27 Temmuz 2011 Çarşamba

Küçük Prens 18 aylık

Ohhhh be biz de sonunda 1,5 yaşında olduk. Yanlız ben hala söylerken zorlanıyorum. Soranlara zaman zaman 1,5 aylık diyorum. Ağzımdan öyle çıkıyor çünkü 1,5 yaş pek bir büyük geliyor hala bana. Oğlumda büyüdü, kocaman, tripleri olan bir çocuk oldu ama ağzım kabul edemedi. Ben de hala 18 aylık diyorum kolay olsun diye...


Bu ay yine Dr. Aylin'e ziyaretimiz vardı tabiki....

Boy: 85
Kilo: 11,200

Karma ve Çocuk felci aşılarının tekrarlarını olduk. Ve hiçbir aşıdan çekmedik bu ayki aşılardan çektiğimizi.

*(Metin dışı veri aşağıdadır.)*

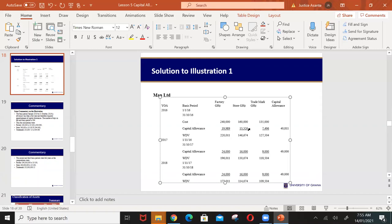In the first year, the trademark capital allowance was approximately 7,496 due to 304 days out of 365. In subsequent years it is 9,000. The store's 10 percent straight-line gives 16,000 for subsequent years. The factory gives 24,000 for subsequent years. In the very first year, because the number of days in the basis period was less than 365, a different prorated capital allowance was granted for pools four and five.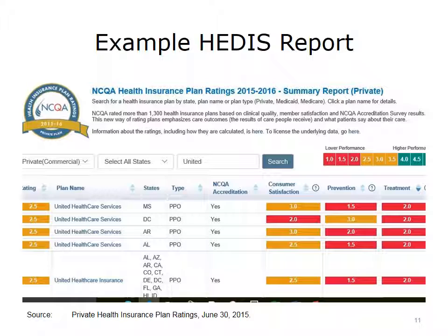Here is an example of a HEDIS report. In this example, UnitedHealthcare is the insurance provider. This screenshot is just a small portion of the multiple screens for UnitedHealthcare plans in the 2015–16 Summary Report. The report indicates that the UnitedHealthcare plans are not the highest performers in the states shown. This data could be used by employers comparing results with UnitedHealthcare in other states or with other health plans in their state during contract discussions. If scores are low on prevention services, an employer could ask the health plan to increase employee communications around the importance of preventive services. The overall effect that HEDIS has had on the cost and quality of care is not well documented, but HEDIS continues to be an important standardized measurement effort.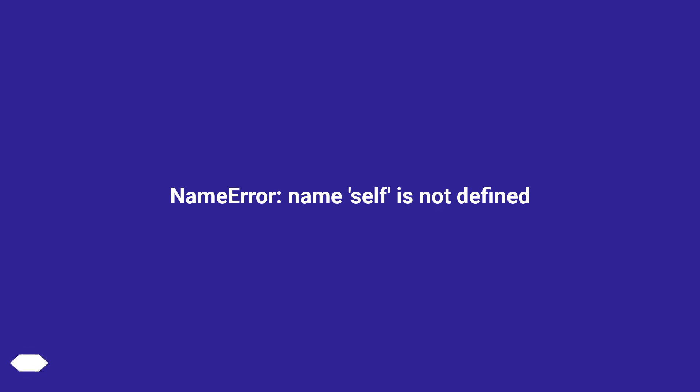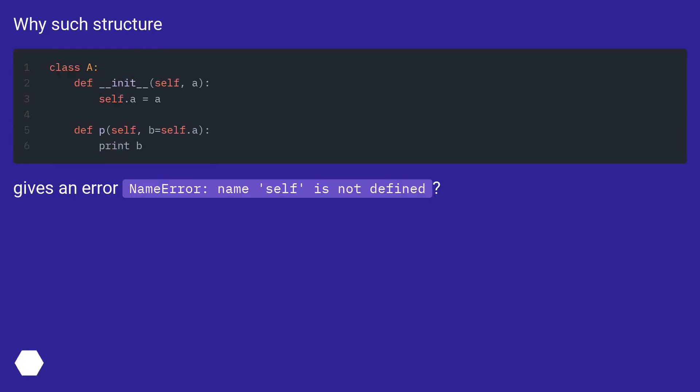NameError: name 'self' is not defined. Why such structure gives an error NameError: name 'self' is not defined?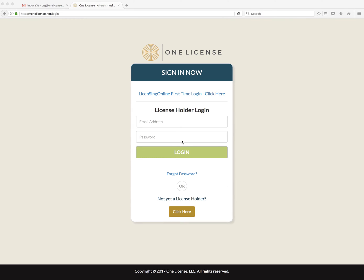First, click on either the Licensing Online First Time Login Click Here link, or the Forgot Password link. They will accomplish the same thing.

Daha gecesinde ateşlendi Doruk. İlaç vermeden düşürmeye çalıştık ama ben bayağı tırstım. Gerçi kendisinin keyfi yine de herşeye rağmen gayet yerindeydi.

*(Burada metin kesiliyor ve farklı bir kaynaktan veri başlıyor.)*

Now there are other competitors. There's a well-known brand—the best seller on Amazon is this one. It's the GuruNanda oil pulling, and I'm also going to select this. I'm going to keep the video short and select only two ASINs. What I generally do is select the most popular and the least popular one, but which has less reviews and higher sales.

Bu ay yemek konusunda bir gelişme yok. Normal bir şekilde sevdiği şeyleri yiyiyor oğlum. Ama önüne değişik, fantastik birşeyler koyarsan kesinlikle denemiyor bile... Daha dün akşam Nevzat'la bu konuyu konuştuk. Ben çok dua etmiştim boğazı babasına benzesin, yemek seçmesin, titiz olmasın diye ama hızla benim yolumda ilerliyor Doruk. Ben çok yemek seçen, herkesin pişirdiğini yemeyen, heryerde yiyemeyen bir tip olduğum için ondada bu işaretleri çok net görüyorum. Kısaca, yemek için yaşayan bir tip hiç olmadım. Belki büyüdükçe babasına benzer bakalım.... Bu ay yeni olarak arnavut cigeri pişirdim yedi sevdi. Limonata içti. Onu pek sevdiğini söyleyemeyiz.

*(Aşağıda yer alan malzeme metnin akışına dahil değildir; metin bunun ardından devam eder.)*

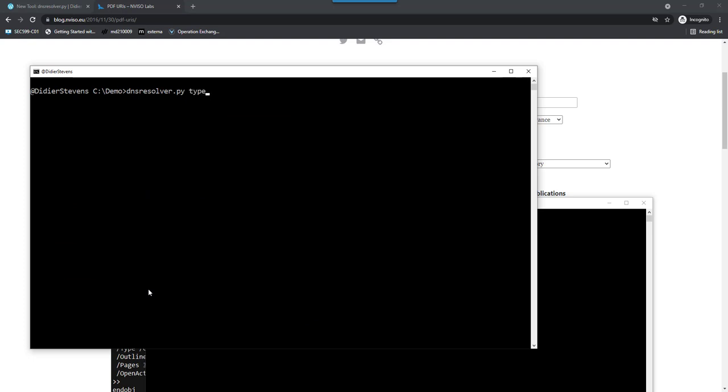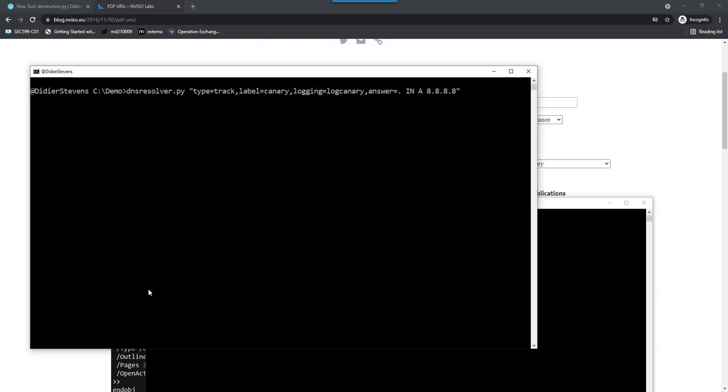The type of the command is track, the label I'm going to use is canary, I'll do logging with prefix log-canary, and let's include an answer. For the answer, I'll use type A record with 8.8.8.8. Since we have space characters, I need to put this inside double quotes.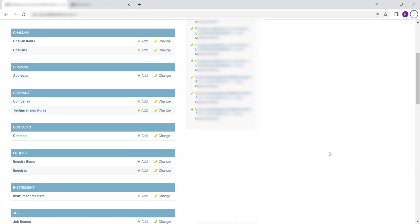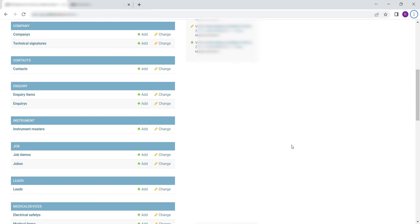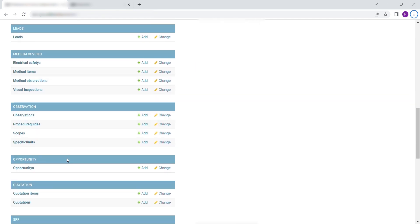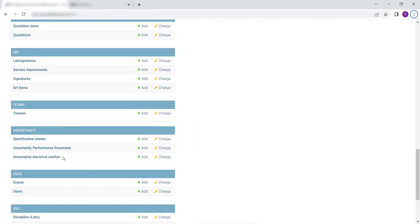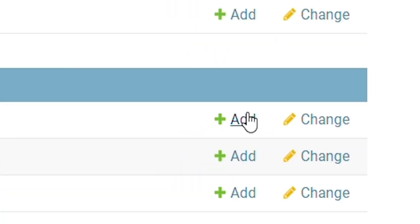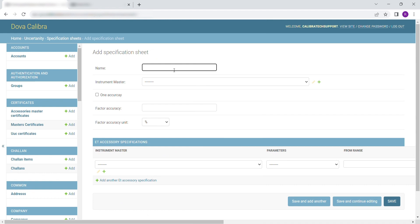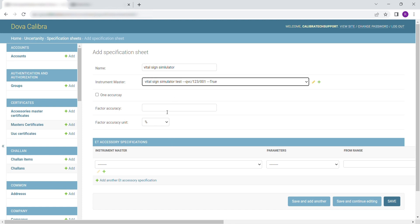To enter Master Specification Sheet, scroll down to Uncertainty. Select Specification Sheets. Then click on Add. Fill in the following details: enter the name for the sheet, then select the Instrument Master the sheet belongs to.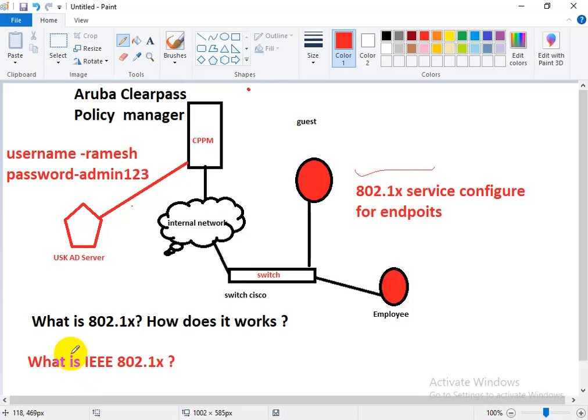Now I am going to explain how 802.1X works. 802.1X is a network authentication protocol that opens support for network access when an organization authenticates a user entity and authorizes them for access to the network.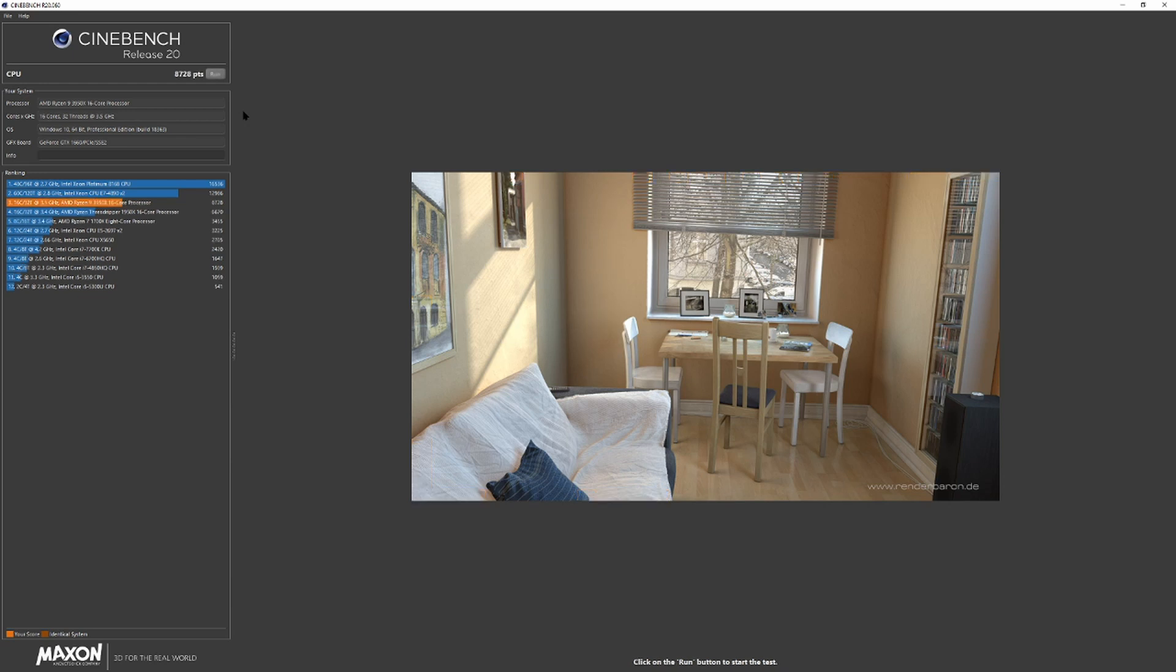So basically it doubled the Cinebench R20 release. So we'll get to the end scene now.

Uyku olayımız büyüdükçe kolaylaşıyor. Aynen devam. Saati gelince resmen beni yatırın diyor. Yatar yatmazda max. 15 dk içinde uyuyor. Hala meme emdiği için geceleri 2-3 kez kalkıyor ama uyanmıyor. Çok şükrediyorum bu uyku olayımıza. Umarım hep böyle devam eder. Elem terefiş kem gözlere şiş diyorum tabiki.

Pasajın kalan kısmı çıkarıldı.